++++ AVAILABLE DATA

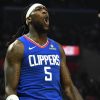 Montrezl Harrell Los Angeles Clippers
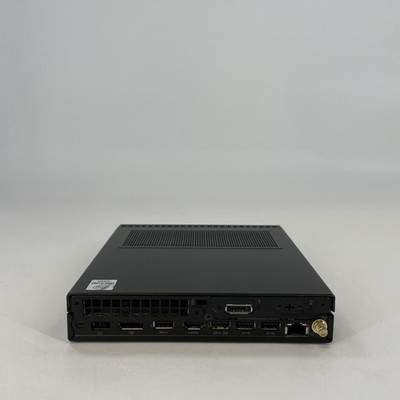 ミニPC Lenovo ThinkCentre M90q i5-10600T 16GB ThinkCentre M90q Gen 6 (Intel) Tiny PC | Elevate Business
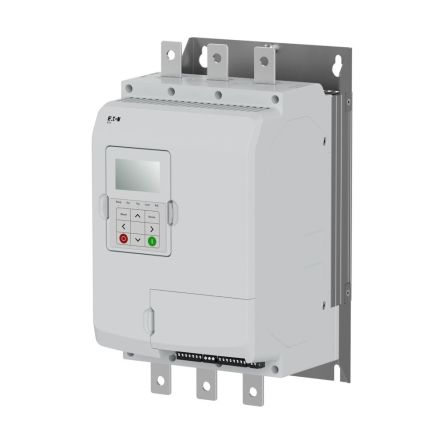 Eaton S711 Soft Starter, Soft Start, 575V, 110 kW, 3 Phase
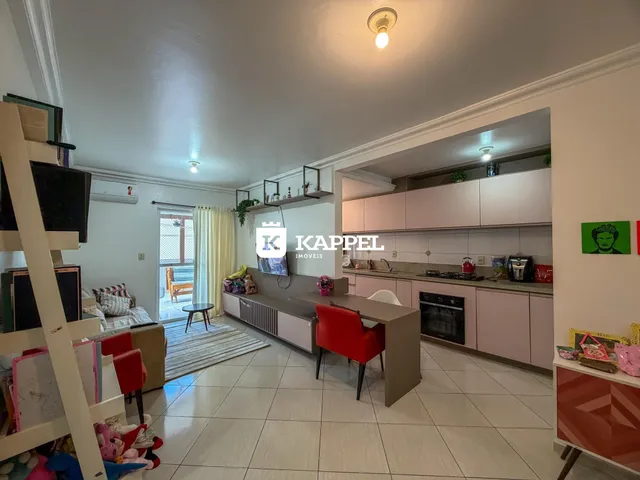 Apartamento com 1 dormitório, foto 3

++++++++
++++ AVAILABLE DATA

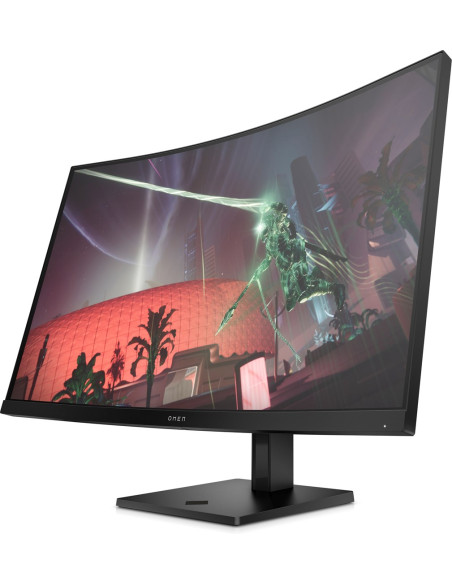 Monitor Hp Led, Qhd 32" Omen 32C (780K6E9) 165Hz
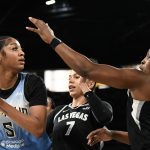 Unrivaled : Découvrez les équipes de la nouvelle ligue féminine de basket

++++++++

Copy word for word the lines above, starting at the line containing "Montrezl Harrell Los Angeles Clippers" and ending at the line containing "Apartamento com 1 dormitório, foto 3", inclusive, with no pictures.

 Montrezl Harrell Los Angeles Clippers
 ミニPC Lenovo ThinkCentre M90q i5-10600T 16GB ThinkCentre M90q Gen 6 (Intel) Tiny PC | Elevate Business
 Eaton S711 Soft Starter, Soft Start, 575V, 110 kW, 3 Phase
 Apartamento com 1 dormitório, foto 3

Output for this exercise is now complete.